Despite more than one year of armed conflict, thousands of deaths and even more people displaced by violence, Yemen remains strikingly absent in reports of conflicts raging around the world.
The figures are shocking. Amnesty International reports that more than 3000 civilians have been killed, and at least 2.4 million people have been displaced from their homes. Over 20 million people are in need of urgent humanitarian support. Much of it does not get through.
Increasingly, the conflict in Yemen is raising concerns due to the high number of civilian casualties. Many of these are from airstrikes organized by the Yemeni government and Saudi Arabia. The US and the UK have supplied Saudi Arabia with weapons that have been used in Yemen’s civil war, and military support continues today despite reports of mass violence.

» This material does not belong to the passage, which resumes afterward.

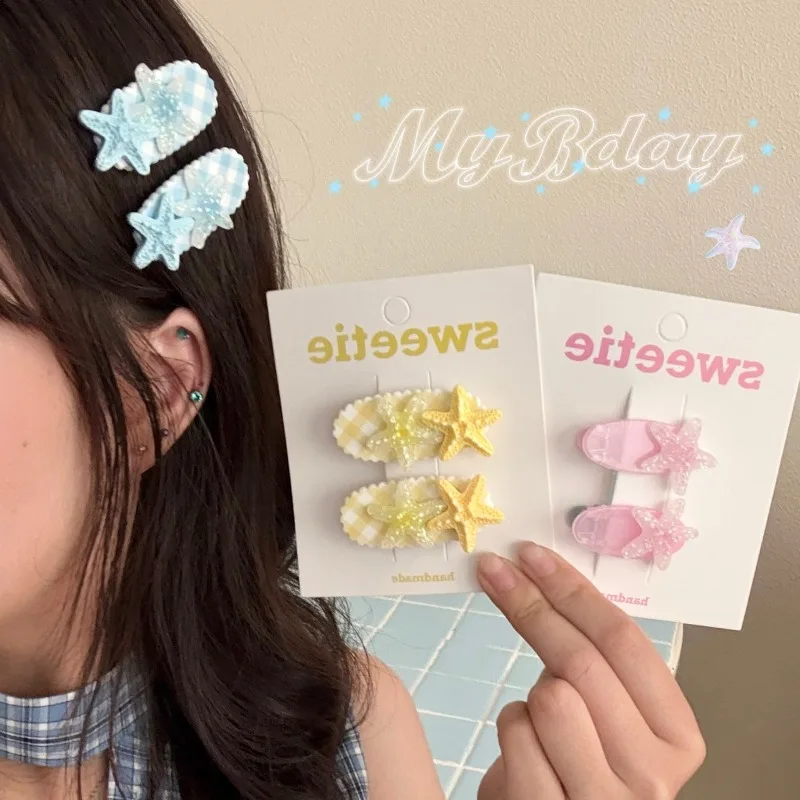 Summer Dopamine Sweet Starfish Hair Clips Set Glitter Duckbill Hairpins 2Pcs/Set atmosphere vibe Hair Accessories for Girls
Summer Dopamine Sweet Starfish Hair Clips Set Glitter Duckbill Hairpins 2Pcs/Set atmosphere vibe Hair Accessories for Girls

The Yemeni civil war has been ongoing since early 2015. The underlying causes of the conflict between the Houthis and the current Saudi government are complex, but both sides have been accused of violating international law and human rights. Reports from the ground document the true horror Yemenis and humanitarian workers living through – and dying from – aerial bomb strikes.
Peace Direct’s Local Peacebuilding Expert in Yemen wrote a harrowing dispatch highlighting the devastation on the ground: “Following Yemen’s war from a distance is not like living it. Touching and feeling the agony and suffering of Yemenis, as well as hearing the airstrikes and visiting the areas targeted, is epic and dramatic. It is also full of blood, and the cries of those killed and injured. It is a dark portrait, with many destroyed schools, hospitals, bridges, and public infrastructure, destroyed for unclear reasons and a strategic vision that no one can understand or justify.” You can read his full report here.

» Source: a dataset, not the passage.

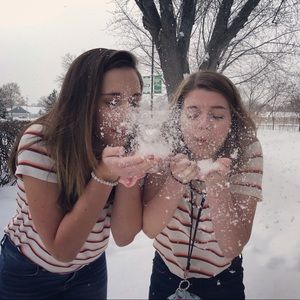 Meet your Posher, Elise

There have been several incidences of major airstrikes that have harmed civilians. In mid-April, an attack hit a school killing ten children and injuring at least twenty-eight more. Earlier this month another airstrike hit a Doctors Without Borders hospital, leaving at least twenty-two dead and nineteen wounded. These are the occurrences that are most visible to the public eye, but the violence in Yemen is ongoing.
In response to increased civilian casualties, the US has reduced its number of military advisors to Saudi Arabia but hasn’t yet halted weapons sales. This is not enough. More has to be done to address the situation.
In the UK the Campaign Against Arms Trade (CAAT) is challenging the UK government’s decision to continue exporting arms to Saudi Arabia. Instead of supplying military weaponry that fuels the violence, funds should be shifted towards conflict mitigation and the support of local peacebuilding activities. If the US and the US as world powers are to play a constructive role in the ongoing crisis in Yemen, it should be to help stop the violence and instead find ways of supporting efforts to resolve conflict.
Despite the extremely difficult situation, the youth of Yemen have been able to relay messages of peace and hope to the communities that have been hurt the most, demonstrating the importance of local peace activists. Youth Without Borders is a Yemeni non-governmental organization that holds peacebuilding training for youth activists. Those involved work on peacebuilding initiatives for their own communities, emphasizing the power of locally-led approaches.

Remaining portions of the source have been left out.